Kameras haben den Fahrer immer im Blick
Mit diesen Aufnahmen haben die Forscher einem System zum maschinellen Lernen beigebracht, zu verstehen, was der Mensch auf dem Fahrersitz tut. Dieser Blick nach innen soll ein weiteres grundlegendes Problem selbstfahrender Autos lösen. Die dürften in Zukunft etwa auf der Autobahn zurechtkommen, werden aber irgendwann doch die Kontrolle an den Fahrer zurückgeben müssen – etwa wenn es in einer Baustelle unübersichtlich wird.
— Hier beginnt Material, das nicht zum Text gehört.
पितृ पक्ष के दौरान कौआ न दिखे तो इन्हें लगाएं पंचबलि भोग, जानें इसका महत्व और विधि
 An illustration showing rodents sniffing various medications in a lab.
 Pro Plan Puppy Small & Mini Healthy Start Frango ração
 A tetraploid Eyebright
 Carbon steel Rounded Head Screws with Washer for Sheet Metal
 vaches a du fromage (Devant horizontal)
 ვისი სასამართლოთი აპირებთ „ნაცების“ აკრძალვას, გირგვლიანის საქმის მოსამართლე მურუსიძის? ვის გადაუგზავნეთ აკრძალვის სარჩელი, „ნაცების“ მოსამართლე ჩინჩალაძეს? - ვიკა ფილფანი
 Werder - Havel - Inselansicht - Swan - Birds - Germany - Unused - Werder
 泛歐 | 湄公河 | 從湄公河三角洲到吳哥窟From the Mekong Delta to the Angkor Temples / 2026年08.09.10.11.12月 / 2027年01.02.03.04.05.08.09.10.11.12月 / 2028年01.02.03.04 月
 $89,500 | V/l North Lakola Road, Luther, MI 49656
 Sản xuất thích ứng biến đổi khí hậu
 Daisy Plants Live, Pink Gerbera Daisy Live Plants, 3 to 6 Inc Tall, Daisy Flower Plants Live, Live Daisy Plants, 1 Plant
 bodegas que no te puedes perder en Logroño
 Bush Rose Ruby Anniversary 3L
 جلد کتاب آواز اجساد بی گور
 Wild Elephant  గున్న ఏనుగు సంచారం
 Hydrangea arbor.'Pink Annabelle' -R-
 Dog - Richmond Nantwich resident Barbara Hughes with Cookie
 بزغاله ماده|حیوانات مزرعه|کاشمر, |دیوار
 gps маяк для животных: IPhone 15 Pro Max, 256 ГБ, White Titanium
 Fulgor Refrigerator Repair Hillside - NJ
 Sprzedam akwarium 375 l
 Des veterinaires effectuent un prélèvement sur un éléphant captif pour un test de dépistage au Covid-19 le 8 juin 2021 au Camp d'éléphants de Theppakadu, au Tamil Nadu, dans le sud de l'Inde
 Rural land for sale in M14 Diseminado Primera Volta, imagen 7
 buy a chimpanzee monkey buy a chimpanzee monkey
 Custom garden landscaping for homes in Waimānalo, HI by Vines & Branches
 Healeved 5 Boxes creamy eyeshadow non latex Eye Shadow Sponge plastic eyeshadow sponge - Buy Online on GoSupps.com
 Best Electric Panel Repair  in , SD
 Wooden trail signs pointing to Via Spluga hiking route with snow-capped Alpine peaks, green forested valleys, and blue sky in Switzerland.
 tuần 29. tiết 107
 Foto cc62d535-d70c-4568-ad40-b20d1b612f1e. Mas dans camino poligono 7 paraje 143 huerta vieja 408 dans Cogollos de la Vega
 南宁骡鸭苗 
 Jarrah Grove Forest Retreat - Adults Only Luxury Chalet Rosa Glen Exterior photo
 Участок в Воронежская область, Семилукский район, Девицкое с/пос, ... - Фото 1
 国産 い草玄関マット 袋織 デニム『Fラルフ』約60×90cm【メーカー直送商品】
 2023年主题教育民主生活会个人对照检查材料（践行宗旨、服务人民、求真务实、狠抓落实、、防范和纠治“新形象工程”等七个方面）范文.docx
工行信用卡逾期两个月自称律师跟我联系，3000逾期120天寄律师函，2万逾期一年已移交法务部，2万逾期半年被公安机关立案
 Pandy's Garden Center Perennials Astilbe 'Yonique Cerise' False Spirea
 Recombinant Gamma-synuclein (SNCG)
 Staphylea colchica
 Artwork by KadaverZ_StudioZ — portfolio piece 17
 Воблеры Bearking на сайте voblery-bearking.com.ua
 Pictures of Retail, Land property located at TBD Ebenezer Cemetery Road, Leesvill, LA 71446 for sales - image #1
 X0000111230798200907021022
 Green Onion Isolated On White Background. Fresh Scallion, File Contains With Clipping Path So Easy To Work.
"Und da ist natürlich die Herausforderung: Wenn das Fahrzeug erkennt: ‚Ok. Ich kann die Situation nicht mehr handeln!‘, muss es natürlich an den Fahrer übergeben, aber man kann natürlich nicht einfach sagen: ‚Ich kann es nicht mehr!‘ Und dann alles abschalten."
Das Auto muss wissen, was der Fahrer tut, und die Übergabe daran anpassen.
Auf dem Flughafen fährt das selbstfahrende Auto auf eine verengte Stelle zu.
"Zum Beispiel jetzt signalisiert das Fahrzeug, dass ich bald übernehmen soll und dies wird auch in dem Display so dargestellt."
Das Display auf dem Armaturenbrett leuchtet orange, aber Erdi Kenar nimmt das Lenkrad noch nicht in die Hand. Das Auto merkt das und wird nach einigen Sekunden deutlicher. "Bitte übernehmen! Pling, Pling, Pling!"
"Und dass ich tatsächlich übernehmen soll, wird signalisiert und so weiter fahren."
Erdi Kenar nimmt schließlich das Lenkrad in die Hand und übernimmt die Kontrolle. Das Auto registriert das, denn es hat auch Sensoren im Lenkrad. Es prüft außerdem, ob der Fahrer sinnvoll um das Hindernis steuert, und lenkt wenn nötig am Anfang ein wenig mit. Eine kleine Studie im Rahmen des Projekts hat gezeigt, dass Testpersonen so besser mit brenzligen Situationen umgehen können, als wenn ihnen das Auto die Kontrolle plötzlich übergibt.
Kameras nach Innen: Das Cockpit des Prototypen eines autonomen Autos in einem Fahrsimulator
Kameras nach Innen: Das Cockpit des Prototypen eines autonomen Autos (PAKOS)
Das Projekt steht jetzt kurz vor dem Ende. Michael Flad, der Koordinator, geht davon aus, dass die Auto-Firmen, die daran beteiligt waren, die erforschte Technik weiter entwickeln. Er selbst hat auch noch eine offene Frage. Die klingt erstmal wie eine der grundlegendsten Fragen überhaupt.
"Im Prinzip, auch als Regelungstechniker, würde mich immer noch mehr interessieren, den Menschen zu verstehen. Ich weiß, was der Mensch macht. Was sehr interessant ist, aber auch sehr schwierig ist, zu erfahren: Was würde der Mensch machen? In der Zukunft!"
Denn: Wenn das Auto wüsste, was der Mensch in ein paar Augenblicken machen wird, könnte es sich noch besser an seine Bedürfnisse und Fähigkeiten anpassen.